Murtaza_2001_J.Pharmacol.Toxicol.Methods_46_131

INTRODUCTION: The purpose of the present study was to develop a simple method for the simultaneous determination of mepivacaine, tetracaine, and p-butylaminobenzoic acid (BABA) in human plasma using high-performance liquid chromatography (HPLC) with a multiwavelength detector.

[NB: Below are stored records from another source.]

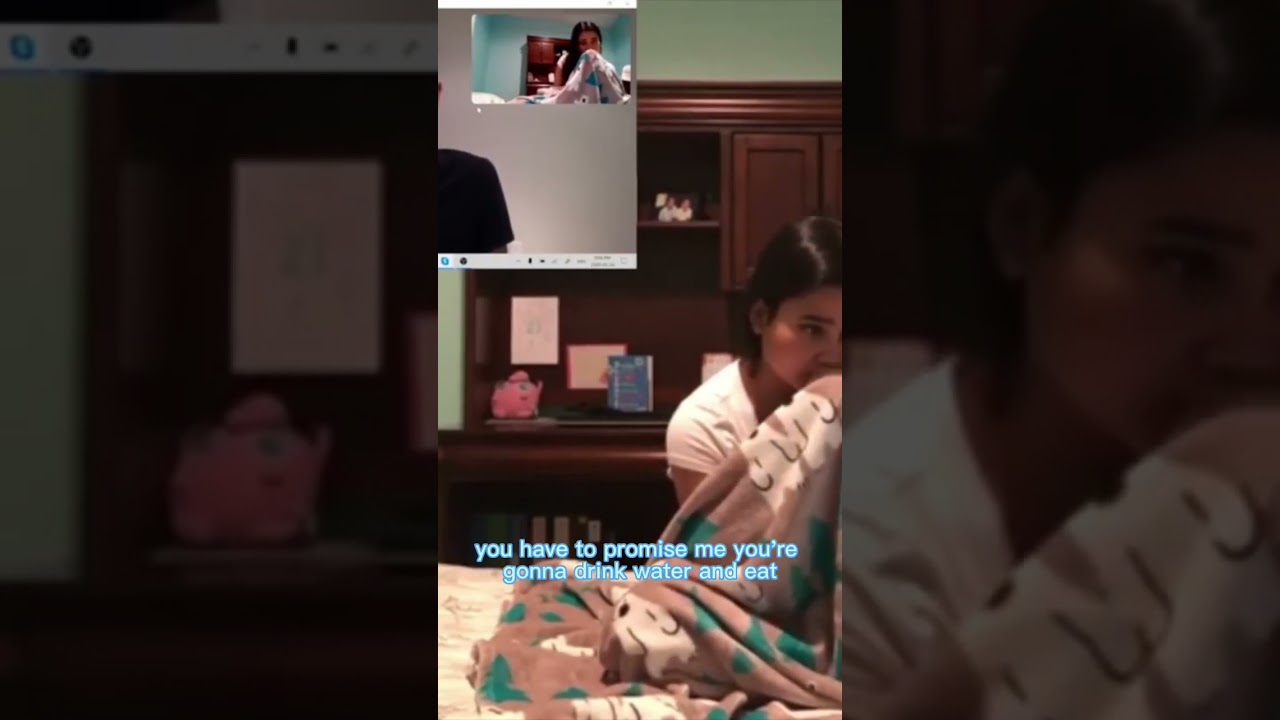 PASSING OUT PRANK ON BOYFRIEND *CUTE REACTION* #shorts #prank #couples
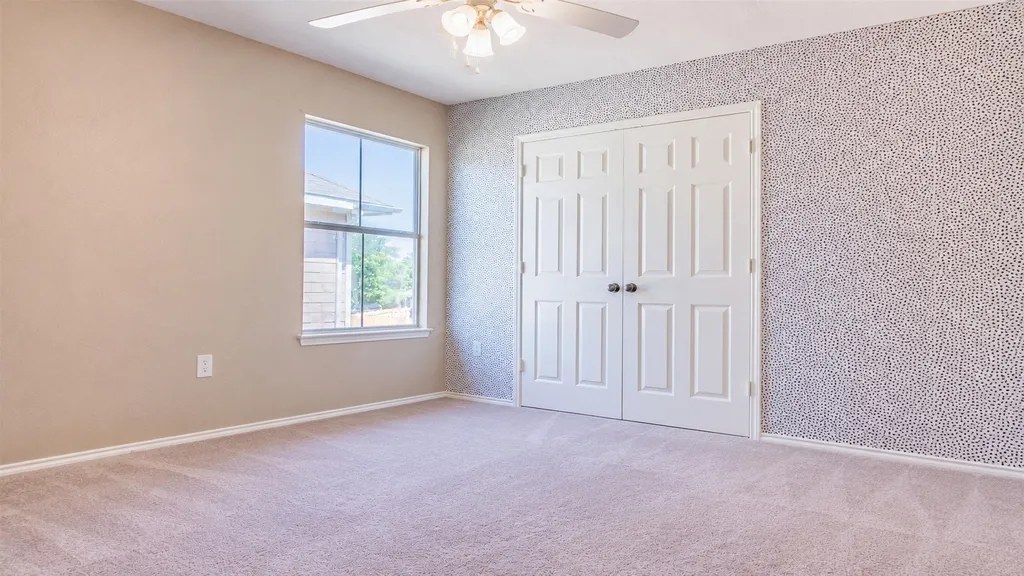 311 Melshire Street Sunnyvale TX 75182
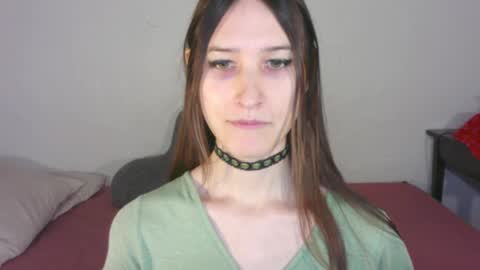 rushty113 online show from December 2024 05:01:01 AM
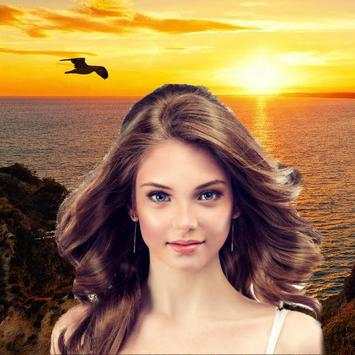 Photo Background Changer screenshot 9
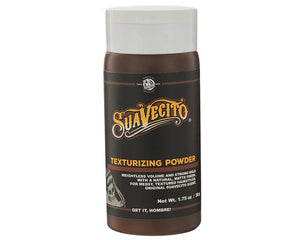 SUAVECITO Texturizing Powder 1.75oz P335NN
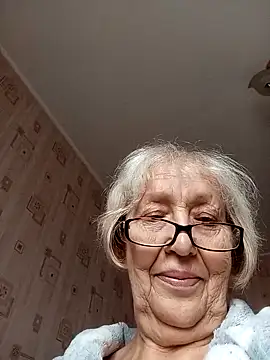 Snapshot of Anatolia5961 chatting on November 28, 2025, 8:50 am Anatolia5961 online show from November 28, 2025, 8:50 am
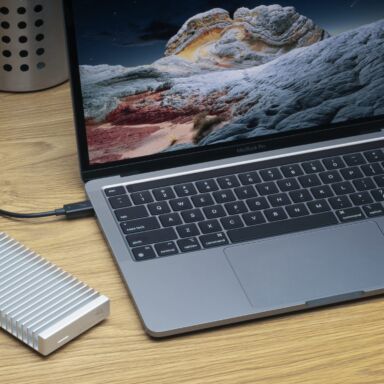 Owc Express 1m2 Usb4 1 0 Tb Ssd Owc Express 1m2 Usb4 1 0 Tb Ssd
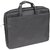 PLATINET New York Collection Laptop táska - Maximum 15.6" méretű laptopokhoz - Fekete színben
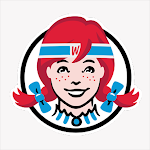 Wendy’s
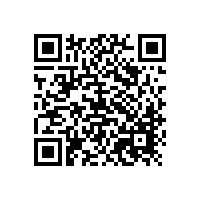 壓力測試！這款休閑辦公椅究竟能承受多大的傷害？【碧江家具】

METHODS: Human blood samples containing heparin, as an anticoagulant, and physostigmine (100 microg/ml), as an anticholinesterase, or human plasma containing physostigmine were spiked with various concentrations of mepivacaine, tetracaine and, in some cases, BABA. Blood samples were centrifuged and plasma was deproteinized with trifluoroacetic acid (TFA; 7%). After centrifugation, the pH was adjusted to 4.5 and an aliquot of 20, 50 or 100 microl was injected into the HPLC apparatus. The detection was done simultaneously at wavelengths of 214 and 300 nm. Analytical chromatography was done on a Waters microBondapak C(18) reverse-phase column (3.9 x 300 mm; particle size 10 microm) with a 30-min increasing linear gradient of 20-40% acetonitrile+0.05% TFA in H(2)O+0.05% TFA at a flow rate of 1 ml/min. The Waters HPLC system included two pumps, an automatic injector, a column oven, and a M490 multiwavelength detector. Quantification was done using integration of peak areas with peaks of authentic mepivacaine, tetracaine, and BABA standards.

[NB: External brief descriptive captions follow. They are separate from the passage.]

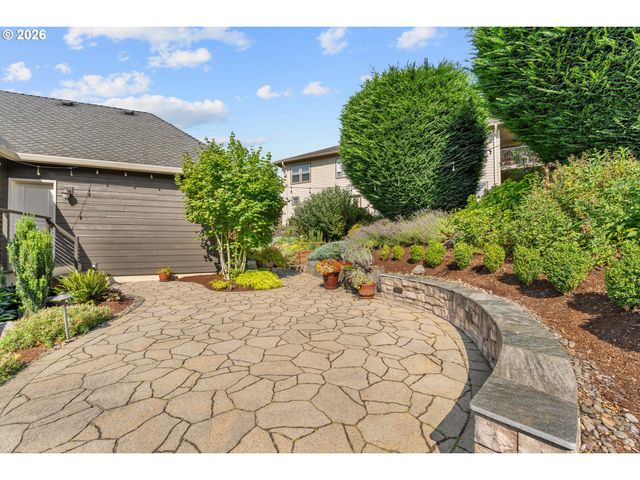 14152 Se TARNAHAN Ct, Happy Valley, OR 97086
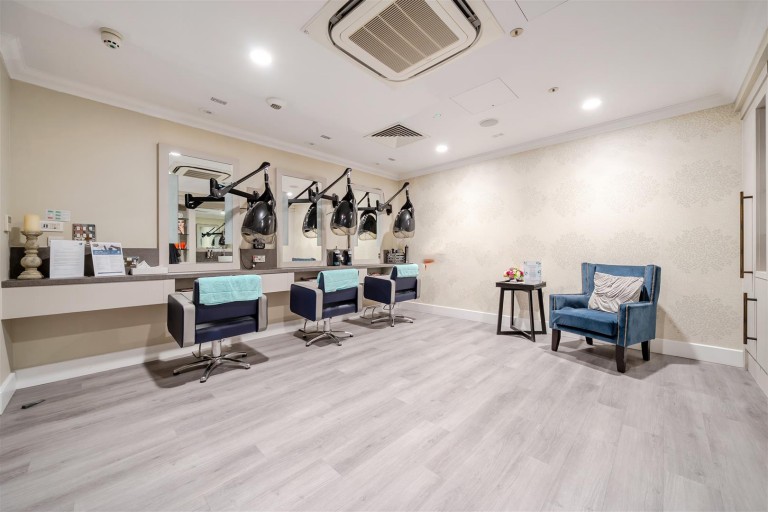 Images for South Street, Letcombe Regis, OX12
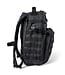 5.11 Tactical 56561 RUSH12 2.0 BACKPACK Double Tap 026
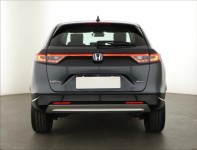Honda HR-V  e:HEV 1.5 i-MMD 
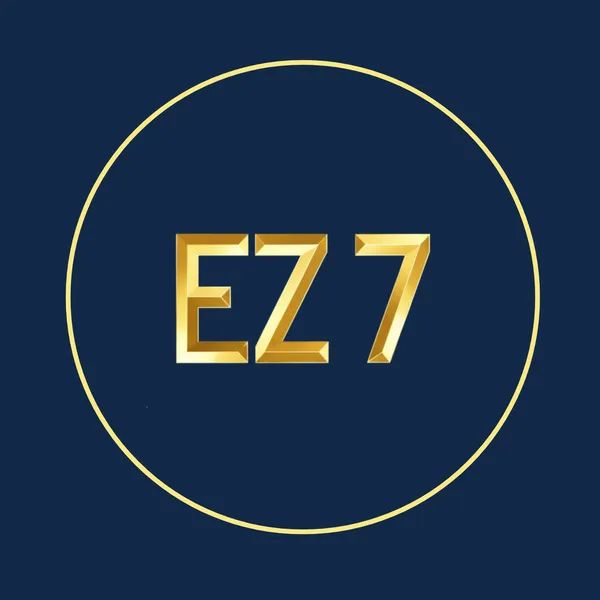 ez7-logo_result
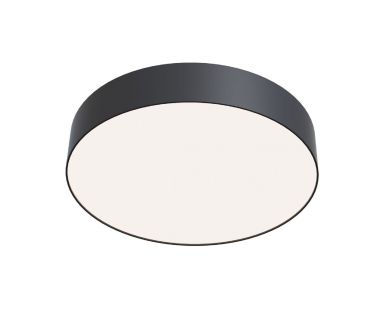 Потолочный светильник Maytoni Zon C032CL-L43B4K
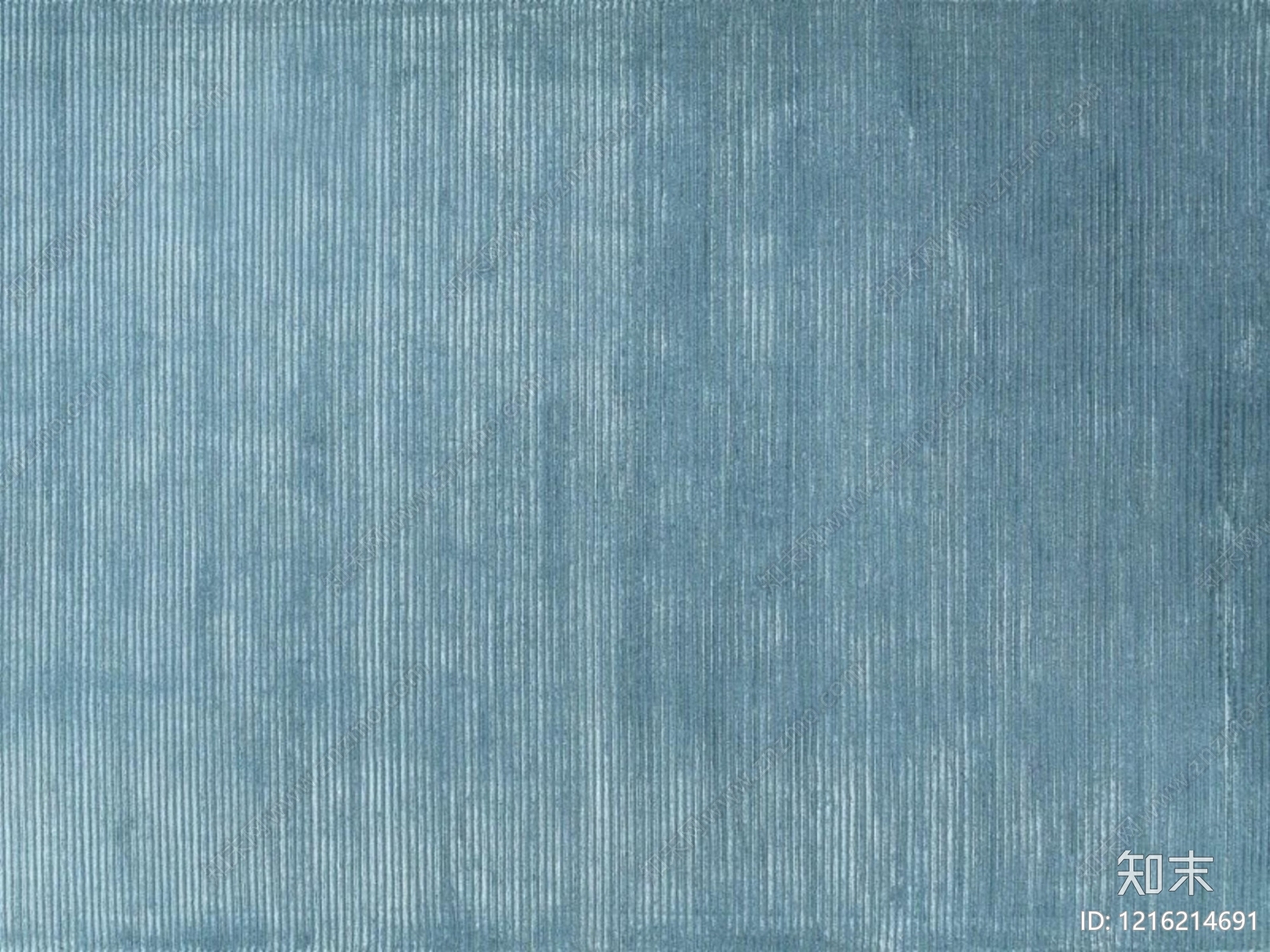 绒布贴图下载【ID:1216214691】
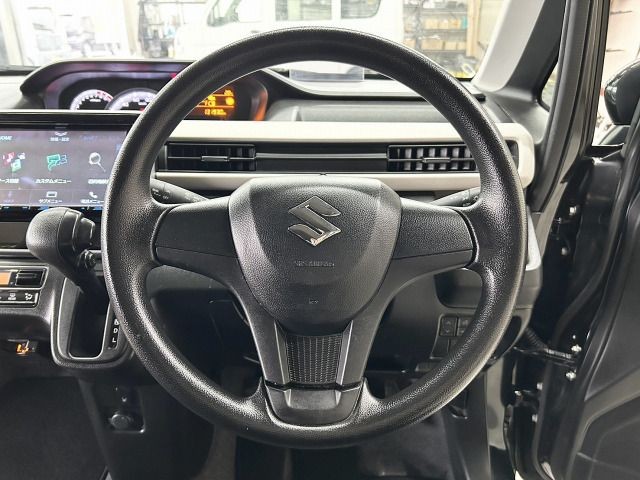 914fa8c94da95c57dd5212dc5dfc0e20.jpg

RESULTS: Calibration curves for standards of mepivacaine, tetracaine, and BABA were linear in the concentration ranges from 0.1 to 100 microg/ml, and the correlation coefficients exceeded.99 for all compounds. The lower limits of detection were 100 ng/ml for mepivacaine and 50 ng/ml for tetracaine and BABA. The yields for mepivacaine, tetracaine, and BABA were 91+/-2.1%, 82+/-3.3%, and 88+/-2.0% (mean+/-S.E.M., n=6), respectively. Degradation of tetracaine by human plasma at 37 degrees C was inhibited by physostigmine. DISCUSSION: The method is sensitive enough to allow blood concentration determinations of mepivacaine and tetracaine or its metabolite, BABA, following local anesthesia induced by these two drugs, especially when their toxic effect may be present. This method also may be useful in forensic medicine for determination of the cause of death after local anesthesia with mepivacaine and/or tetracaine.